4.3 Ownership. Consultant acknowledges that all Confidential Information
will continue to be the exclusive property of Rentrak (or the third party that
disclosed it to Rentrak), whether or not prepared in whole or in part by
Consultant and whether or not disclosed to Consultant or entrusted to his
custody by Rentrak in connection with rendering services pursuant to this
Agreement.
4.4 Nondisclosure and Nonuse. Unless otherwise authorized or instructed in
writing by Rentrak, or required by legally constituted authority, Consultant
will not, except as required to provide services to Rentrak, during or after the
term of this Agreement, disclose to others or use any Confidential Information.
4.5 Duration. The obligations set forth in this Section 4 will continue
beyond the Termination Date for so long as Consultant possesses Confidential
Information.
4.6 Return of Confidential Information. Upon request by Rentrak during or
after the term of this Agreement, and without request upon termination of this
Agreement by Rentrak, Consultant will deliver immediately to Rentrak all written
or tangible materials containing Confidential Information without retaining any
excerpts or copies, and all equipment, supplies, or other property belonging to
Rentrak.
5. NONCOMPETITION
5.1 Competitive Entity. For purposes of this Agreement, a Competitive
Entity is any firm, corporation, partnership, limited liability company,
business trust, or other entity that is directly competitive with a business
activity engaged in by Rentrak (or an activity specifically identified in
Rentrak's three-year business plan) as of the Effective Date. In the event that
Xxxx X. Xxxxxxxxx ceases to be an officer or director of Rentrak prior to the
Termination Date, Rentrak will promptly provide a list of the activities
referred to in the preceding sentence to Consultant.
5.2 Prior Approval. For so long as Xxxx X. Xxxxxxxxx continues to be an
officer or director of Rentrak, Consultant will consult with Xx.

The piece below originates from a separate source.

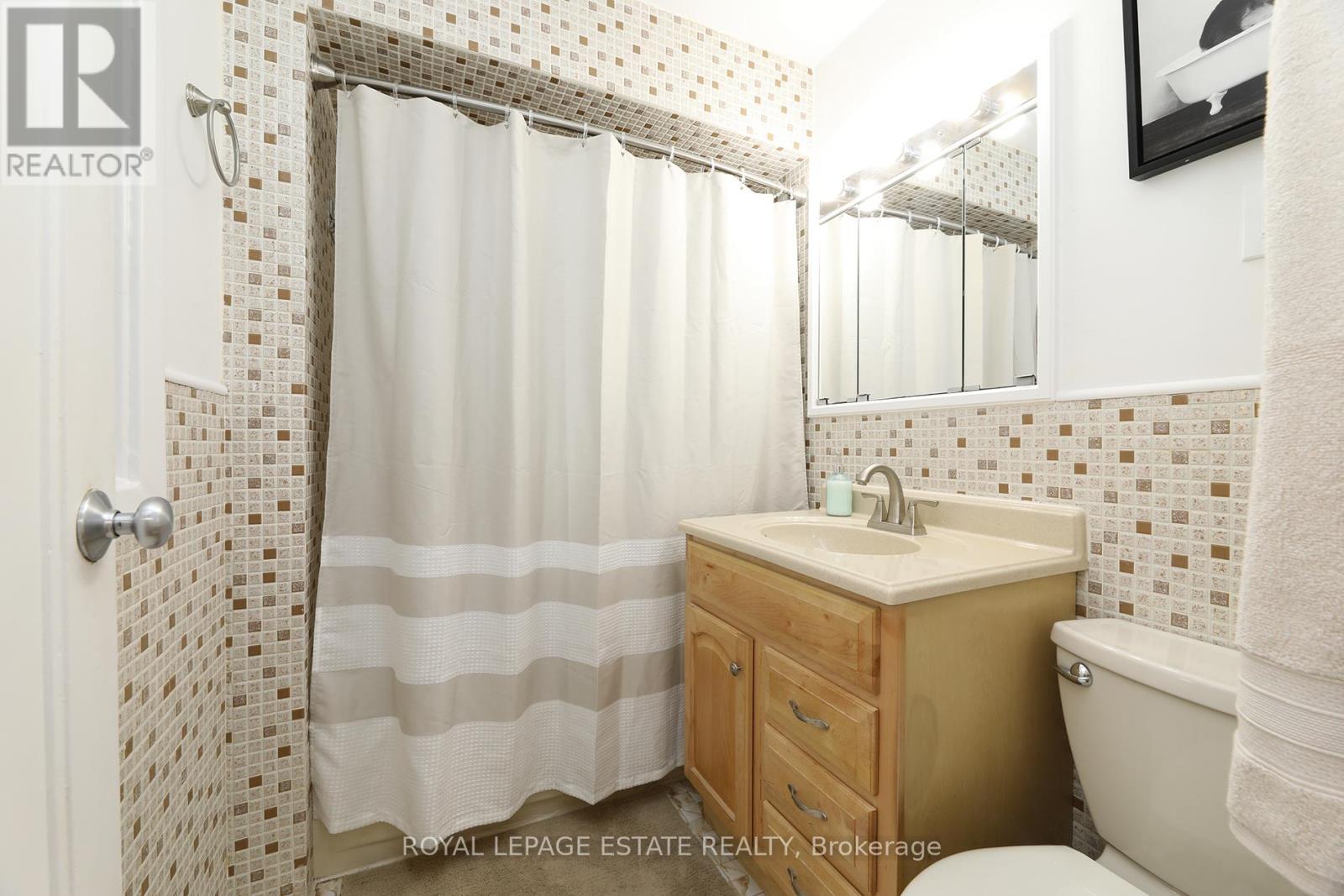 57 Merritt Road, Toronto, Ontario  M4B 3K4 - Photo 17 - E12448500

Xxxxxxxxx
before entering into an employment arrangement or other engagement with any
entity that could reasonably be viewed as a Competitive Entity within the
meaning of Section 5.1 and will request that Rentrak (acting through Xx.
Xxxxxxxxx) give its approval that such entity is not a Competitive Entity for
purposes of this Agreement, which approval will not be unreasonably withheld;
provided that Rentrak will not be bound by such approval if it is later
determined that the entity is, in fact, a Competitive Entity and the information
provided by Consultant was not consistent with that fact.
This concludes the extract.